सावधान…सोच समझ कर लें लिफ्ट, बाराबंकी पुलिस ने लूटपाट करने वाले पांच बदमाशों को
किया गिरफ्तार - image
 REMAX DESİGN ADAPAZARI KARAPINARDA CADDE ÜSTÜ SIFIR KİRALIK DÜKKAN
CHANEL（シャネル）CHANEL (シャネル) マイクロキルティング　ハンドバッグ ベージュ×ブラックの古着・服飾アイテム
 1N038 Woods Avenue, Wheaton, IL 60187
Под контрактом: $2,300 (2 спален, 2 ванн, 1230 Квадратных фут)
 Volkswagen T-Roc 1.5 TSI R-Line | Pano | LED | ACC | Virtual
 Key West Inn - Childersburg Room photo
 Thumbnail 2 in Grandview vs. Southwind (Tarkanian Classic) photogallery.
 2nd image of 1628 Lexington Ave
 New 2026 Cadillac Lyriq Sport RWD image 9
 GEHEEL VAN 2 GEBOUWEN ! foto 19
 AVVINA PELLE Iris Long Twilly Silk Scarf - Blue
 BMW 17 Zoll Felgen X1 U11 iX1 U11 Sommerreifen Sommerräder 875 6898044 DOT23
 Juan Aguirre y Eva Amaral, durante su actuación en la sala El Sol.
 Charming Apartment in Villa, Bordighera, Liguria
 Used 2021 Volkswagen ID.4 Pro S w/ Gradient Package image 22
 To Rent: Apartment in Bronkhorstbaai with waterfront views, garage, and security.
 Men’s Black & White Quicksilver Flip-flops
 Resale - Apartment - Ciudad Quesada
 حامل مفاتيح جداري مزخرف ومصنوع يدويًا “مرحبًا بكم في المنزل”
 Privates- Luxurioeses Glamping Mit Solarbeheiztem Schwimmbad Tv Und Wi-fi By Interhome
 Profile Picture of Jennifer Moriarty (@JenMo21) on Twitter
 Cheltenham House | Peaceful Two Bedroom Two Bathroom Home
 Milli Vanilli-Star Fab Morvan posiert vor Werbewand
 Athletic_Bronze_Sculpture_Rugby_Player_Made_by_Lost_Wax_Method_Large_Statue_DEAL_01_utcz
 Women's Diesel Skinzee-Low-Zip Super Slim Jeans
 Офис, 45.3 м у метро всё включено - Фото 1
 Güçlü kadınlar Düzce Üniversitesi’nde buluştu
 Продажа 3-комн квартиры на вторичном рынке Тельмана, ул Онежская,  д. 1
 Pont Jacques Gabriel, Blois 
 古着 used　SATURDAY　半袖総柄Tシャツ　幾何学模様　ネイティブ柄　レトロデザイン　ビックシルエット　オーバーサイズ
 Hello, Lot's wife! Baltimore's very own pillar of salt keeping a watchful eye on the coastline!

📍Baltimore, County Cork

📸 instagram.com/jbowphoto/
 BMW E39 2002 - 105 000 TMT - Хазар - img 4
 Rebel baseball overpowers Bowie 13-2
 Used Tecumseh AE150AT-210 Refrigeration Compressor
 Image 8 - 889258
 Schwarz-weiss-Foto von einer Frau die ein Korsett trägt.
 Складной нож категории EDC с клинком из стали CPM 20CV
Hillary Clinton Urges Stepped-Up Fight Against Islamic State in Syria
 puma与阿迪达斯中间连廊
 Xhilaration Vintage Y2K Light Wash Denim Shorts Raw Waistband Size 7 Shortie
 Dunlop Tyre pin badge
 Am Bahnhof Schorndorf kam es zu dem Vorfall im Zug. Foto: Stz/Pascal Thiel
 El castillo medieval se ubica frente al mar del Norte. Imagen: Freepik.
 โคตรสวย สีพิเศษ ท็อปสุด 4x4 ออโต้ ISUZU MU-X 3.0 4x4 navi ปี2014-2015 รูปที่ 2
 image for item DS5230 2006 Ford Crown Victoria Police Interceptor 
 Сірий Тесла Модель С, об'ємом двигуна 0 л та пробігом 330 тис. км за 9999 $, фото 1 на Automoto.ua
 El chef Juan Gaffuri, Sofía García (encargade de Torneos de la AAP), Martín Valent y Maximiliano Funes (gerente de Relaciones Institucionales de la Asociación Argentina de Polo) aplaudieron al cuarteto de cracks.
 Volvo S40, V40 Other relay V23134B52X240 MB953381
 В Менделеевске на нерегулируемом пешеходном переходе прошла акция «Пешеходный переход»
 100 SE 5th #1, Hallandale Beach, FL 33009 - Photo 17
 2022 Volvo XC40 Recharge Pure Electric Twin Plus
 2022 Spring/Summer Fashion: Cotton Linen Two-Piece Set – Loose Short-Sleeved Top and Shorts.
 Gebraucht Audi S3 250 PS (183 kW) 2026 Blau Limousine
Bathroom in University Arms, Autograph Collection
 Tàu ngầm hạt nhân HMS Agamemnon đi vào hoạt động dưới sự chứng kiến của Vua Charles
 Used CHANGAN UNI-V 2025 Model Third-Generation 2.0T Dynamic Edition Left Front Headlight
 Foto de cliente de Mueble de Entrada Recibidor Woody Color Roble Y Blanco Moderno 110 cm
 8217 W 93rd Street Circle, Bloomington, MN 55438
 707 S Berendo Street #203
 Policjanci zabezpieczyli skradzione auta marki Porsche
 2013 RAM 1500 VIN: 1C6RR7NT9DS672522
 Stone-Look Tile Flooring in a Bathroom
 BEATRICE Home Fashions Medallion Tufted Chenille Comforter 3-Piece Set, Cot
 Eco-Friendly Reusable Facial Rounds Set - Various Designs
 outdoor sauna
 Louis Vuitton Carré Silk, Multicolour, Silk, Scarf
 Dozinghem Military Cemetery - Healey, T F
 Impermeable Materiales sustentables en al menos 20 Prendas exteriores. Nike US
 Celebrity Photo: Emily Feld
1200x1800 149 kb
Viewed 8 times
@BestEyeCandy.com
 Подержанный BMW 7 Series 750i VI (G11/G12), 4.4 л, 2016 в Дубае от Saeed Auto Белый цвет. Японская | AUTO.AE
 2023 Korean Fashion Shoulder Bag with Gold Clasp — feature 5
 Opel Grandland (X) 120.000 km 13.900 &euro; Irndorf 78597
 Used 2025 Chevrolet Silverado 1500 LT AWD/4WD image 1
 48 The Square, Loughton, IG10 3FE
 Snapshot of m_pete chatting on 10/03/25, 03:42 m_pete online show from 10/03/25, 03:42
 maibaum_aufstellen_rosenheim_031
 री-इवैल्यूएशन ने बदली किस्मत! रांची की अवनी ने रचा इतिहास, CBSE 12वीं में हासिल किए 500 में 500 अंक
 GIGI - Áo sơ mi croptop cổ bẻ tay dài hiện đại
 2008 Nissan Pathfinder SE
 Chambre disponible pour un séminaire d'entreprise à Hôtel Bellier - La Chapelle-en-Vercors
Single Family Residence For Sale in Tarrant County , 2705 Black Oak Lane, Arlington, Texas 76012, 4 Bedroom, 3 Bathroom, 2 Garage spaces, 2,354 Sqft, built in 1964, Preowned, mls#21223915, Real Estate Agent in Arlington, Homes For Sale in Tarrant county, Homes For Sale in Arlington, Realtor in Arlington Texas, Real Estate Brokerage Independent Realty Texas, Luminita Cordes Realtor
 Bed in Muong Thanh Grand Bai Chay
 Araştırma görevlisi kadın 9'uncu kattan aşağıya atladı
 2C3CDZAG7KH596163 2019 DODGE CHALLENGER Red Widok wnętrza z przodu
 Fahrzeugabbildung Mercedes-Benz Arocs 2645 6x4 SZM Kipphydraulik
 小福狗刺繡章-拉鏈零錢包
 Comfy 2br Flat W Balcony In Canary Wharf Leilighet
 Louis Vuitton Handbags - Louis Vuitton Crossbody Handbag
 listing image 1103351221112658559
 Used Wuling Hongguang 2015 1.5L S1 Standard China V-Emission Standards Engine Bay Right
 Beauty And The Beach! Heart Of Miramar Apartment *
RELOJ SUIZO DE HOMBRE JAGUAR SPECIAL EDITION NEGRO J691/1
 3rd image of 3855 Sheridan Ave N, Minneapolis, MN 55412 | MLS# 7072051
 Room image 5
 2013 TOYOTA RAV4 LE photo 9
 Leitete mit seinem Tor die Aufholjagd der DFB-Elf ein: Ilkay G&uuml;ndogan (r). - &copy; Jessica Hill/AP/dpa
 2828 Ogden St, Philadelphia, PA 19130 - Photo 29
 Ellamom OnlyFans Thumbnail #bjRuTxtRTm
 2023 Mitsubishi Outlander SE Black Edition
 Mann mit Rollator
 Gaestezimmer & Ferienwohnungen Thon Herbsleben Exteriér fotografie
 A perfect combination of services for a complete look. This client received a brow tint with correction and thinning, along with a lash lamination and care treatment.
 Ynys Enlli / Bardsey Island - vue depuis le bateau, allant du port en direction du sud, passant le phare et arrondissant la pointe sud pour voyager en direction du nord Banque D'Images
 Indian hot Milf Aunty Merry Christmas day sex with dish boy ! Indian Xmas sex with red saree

• _TO DO_: Whenever the word "Juan" appears in a line above, copy that line.

• _WRITTEN ANSWER_:
 Juan Aguirre y Eva Amaral, durante su actuación en la sala El Sol.
 El chef Juan Gaffuri, Sofía García (encargade de Torneos de la AAP), Martín Valent y Maximiliano Funes (gerente de Relaciones Institucionales de la Asociación Argentina de Polo) aplaudieron al cuarteto de cracks.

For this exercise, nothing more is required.